**PROBLEM TO SOLVE:**
Transcribe the lines below exactly. No image belongs in the transcription.
##### DATA TO EXAMINE #####
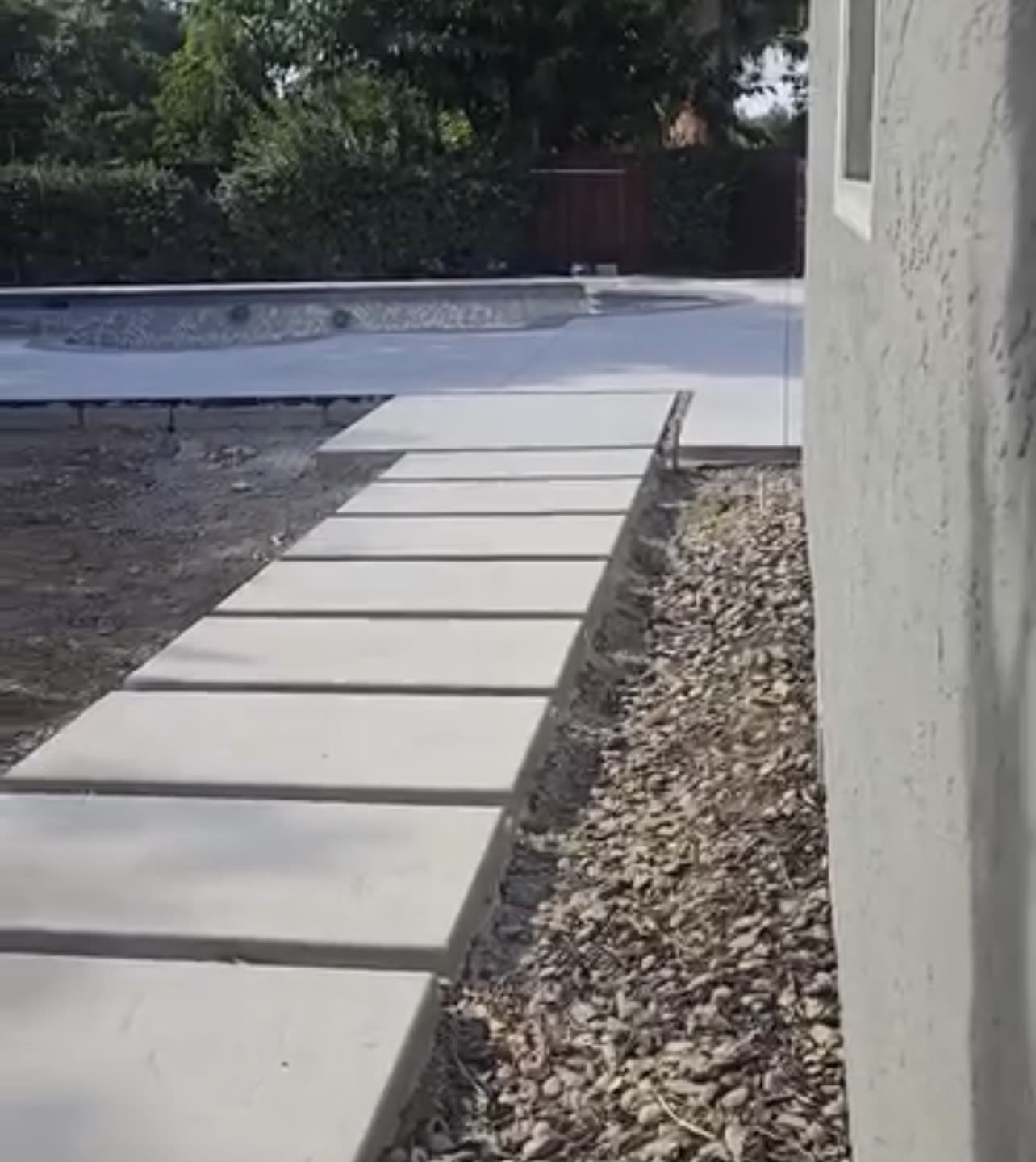Freshly poured concrete walkway pads beside a pool with bare dirt alongside
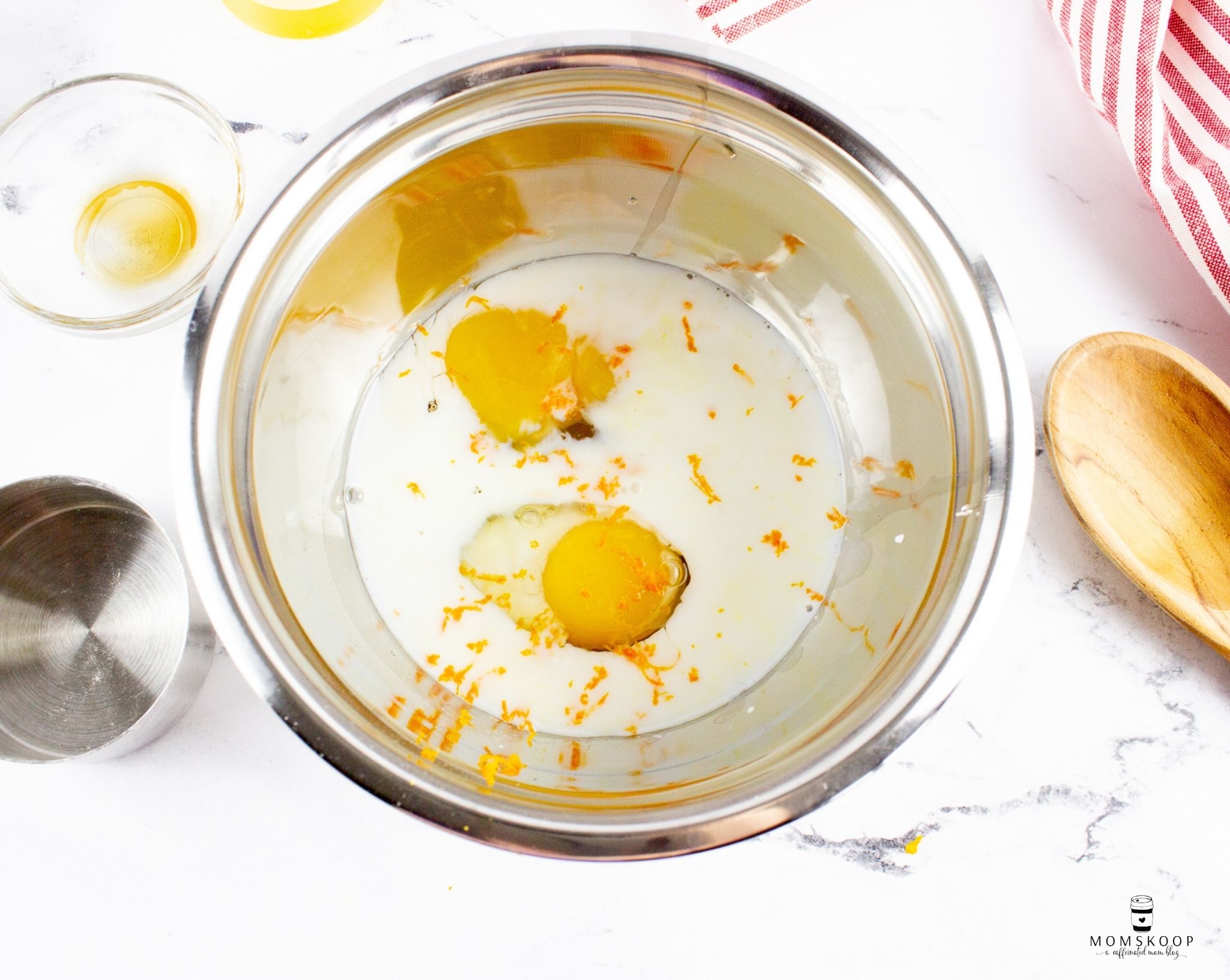 Milk, eggs, and orange zest in a stainless steel bowl
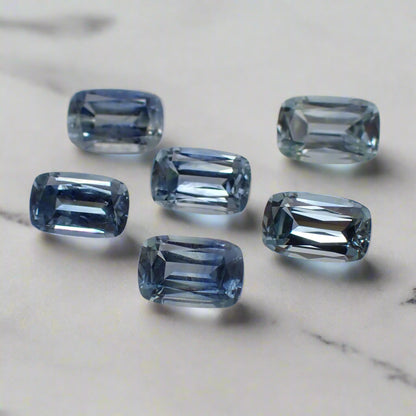 a set of six light blue sapphires rest on a white marble surface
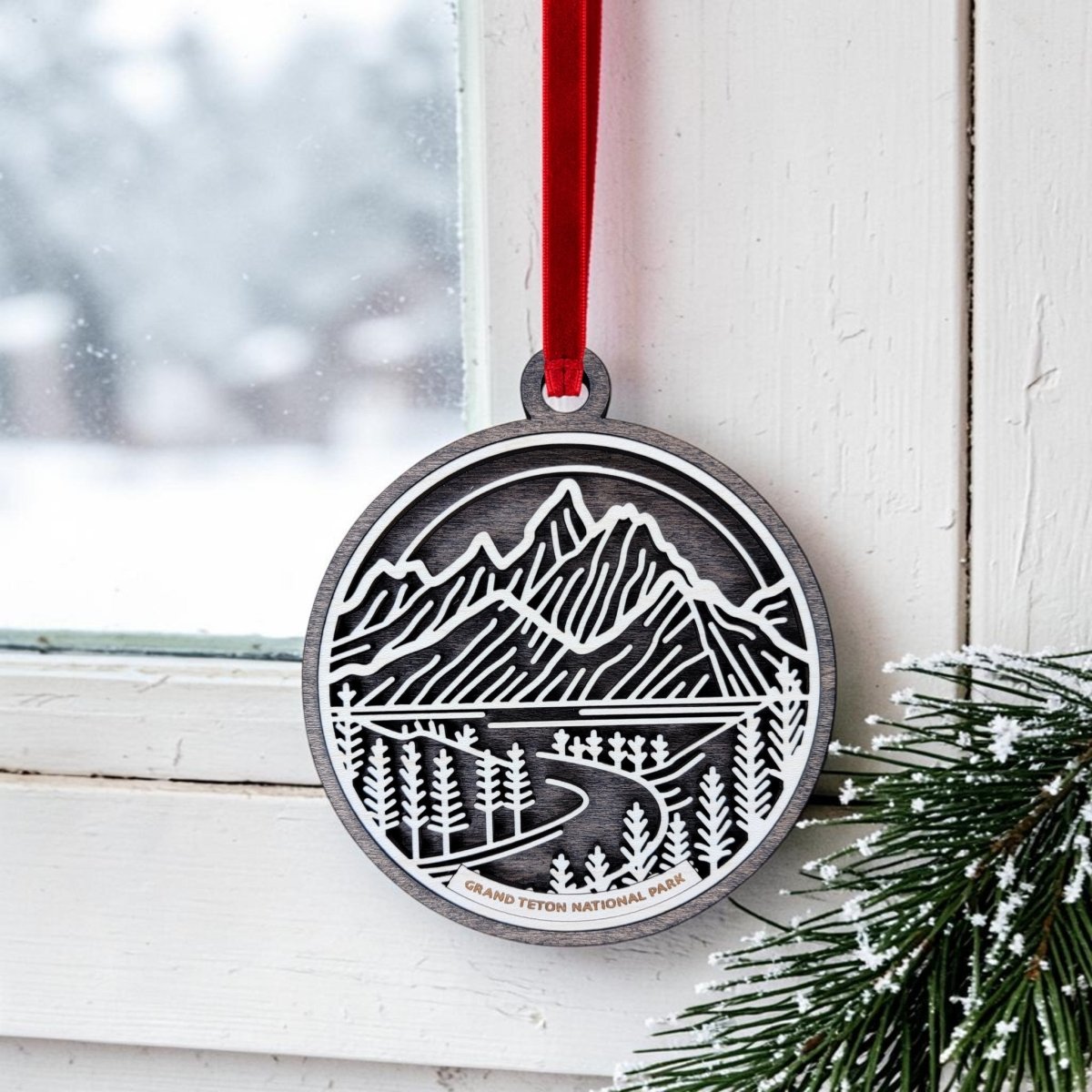A Grand Teton National Park Line Art Ornament by Mirabilia Boutique—oval-shaped and crafted from wood with a cutout design featuring mountains, trees, and a winding road—hangs from a red ribbon near a snowy window, while pine needles are visible in the bottom right corner.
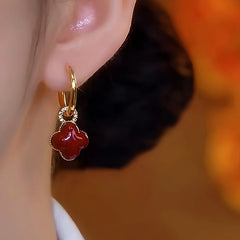 Model showcasing the dangle and style of the 14K Gold-Plated Red Oil-Drop Four-Leaf Clover Earrings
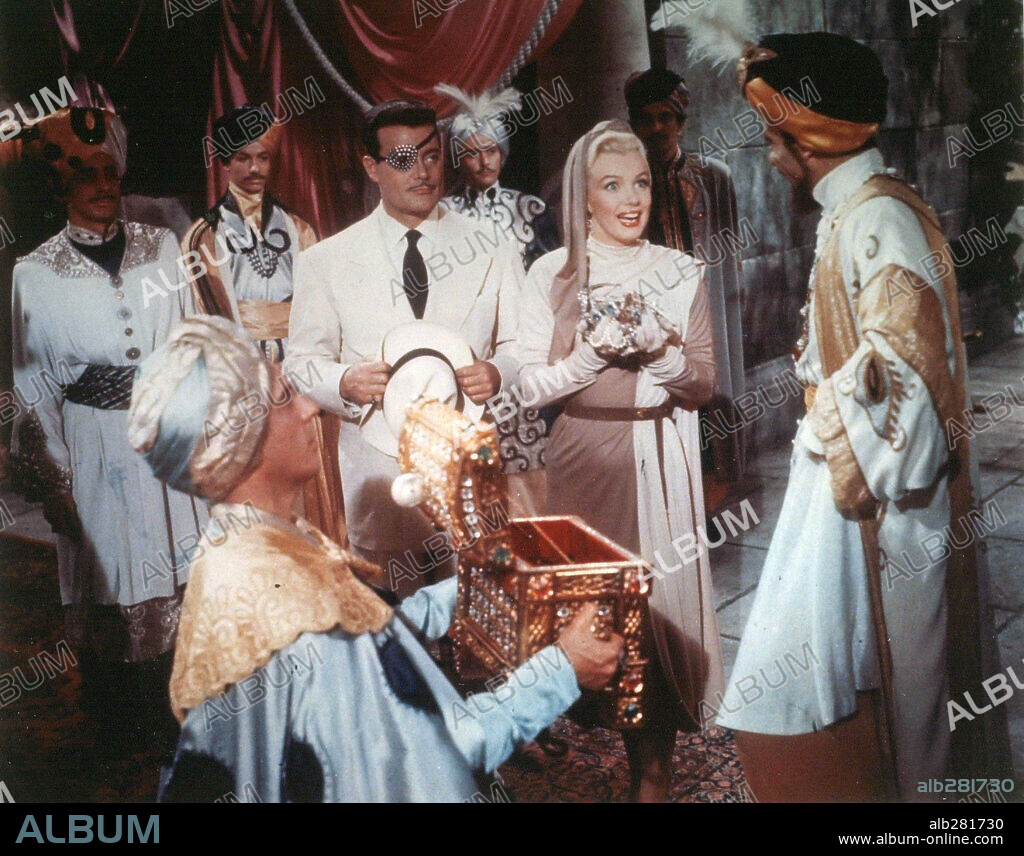 NORMA JEAN BAKER and ROY D'ARCY. MARILYN MONROE and ROY D'ARCY in HOW TO MARRY A MILLIONAIRE, 1953, directed by JEAN NEGULESCO. Copyright 20TH CENTURY FOX.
#####
**RESPONSE AREA:**
Freshly poured concrete walkway pads beside a pool with bare dirt alongside
 Milk, eggs, and orange zest in a stainless steel bowl
 a set of six light blue sapphires rest on a white marble surface
A Grand Teton National Park Line Art Ornament by Mirabilia Boutique—oval-shaped and crafted from wood with a cutout design featuring mountains, trees, and a winding road—hangs from a red ribbon near a snowy window, while pine needles are visible in the bottom right corner.
 Model showcasing the dangle and style of the 14K Gold-Plated Red Oil-Drop Four-Leaf Clover Earrings
 NORMA JEAN BAKER and ROY D'ARCY. MARILYN MONROE and ROY D'ARCY in HOW TO MARRY A MILLIONAIRE, 1953, directed by JEAN NEGULESCO. Copyright 20TH CENTURY FOX.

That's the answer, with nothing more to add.